Pero sin dudas, el más notable de todos fue François Couperin, apodado, de hecho, Couperin el Grande.

François Couperin, el Grande, nació hace exactamente 350 años, el 10 de noviembre de 1668 en la capital francesa y de su padre y su tío aprendió los primeros rudimentos musicales, que más tarde perfeccionó con el organista titular de la capilla de Saint-Jacques la Boucherie.

Aunque su instrucción en otras materias siempre fue limitada y se dice que su ortografía era pésima, su talento musical afloró tempranamente al punto que, en 1685, con escasos 17 años asumió el cargo de organista de Saint-Gervais de París y un poco más tarde en 1693 sus enormes cualidades como intérprete de instrumentos de teclado le proporcionaron un puesto regular como organista de la capilla real de Luis XIV, donde tuvo a su cargo, entre muchas actividades, la educación musical del delfín, la creación de obras para las ceremonias reales y privadas de los monarcas, así como la estricta organización de conciertos semanales.

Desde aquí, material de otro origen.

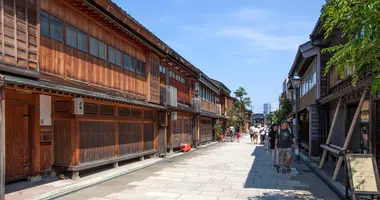 Nishi Chaya street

En 1702, un año después de ser proclamado Clavecinista de la cámara del rey, le fue otorgado el título de caballero de la Orden de Letrán.

Aunque François Couperin no gozó nunca de buena salud y de hecho en sus últimos años se vio obligado a abandonar casi todos los puestos oficiales para los que había sido nombrado, a lo largo de su vida también se dedicó a la composición con gran acierto.

Entre sus obras aparece una notable producción vocal de carácter sacro destacándose varios motetes y sobre todo sus "Leçons de ténèbres" (recomiendo la versión interpretadapor Emma Kirkby y Judith Nelsson del año 1977) pero sobre todo Couperin es autor de extraordinario catálogo de obras para órgano, clave y distintas agrupaciones de cámara, y además de mostrar su influencia de la música italiana, a través de estas piezas dejó claro el valor intrínseco de la tradición musical francesa.

En vida disfrutó de enorme fama y reconocimiento y luego de muerte, acaecida en 1733, su música continuó escuchándose hasta nuestro días y muchos reconocen su influencia en compositores posteriores como Johannes Brahms, Richard Strauss, Maurice Ravel, Isaac Albéniz y Claude Debussy.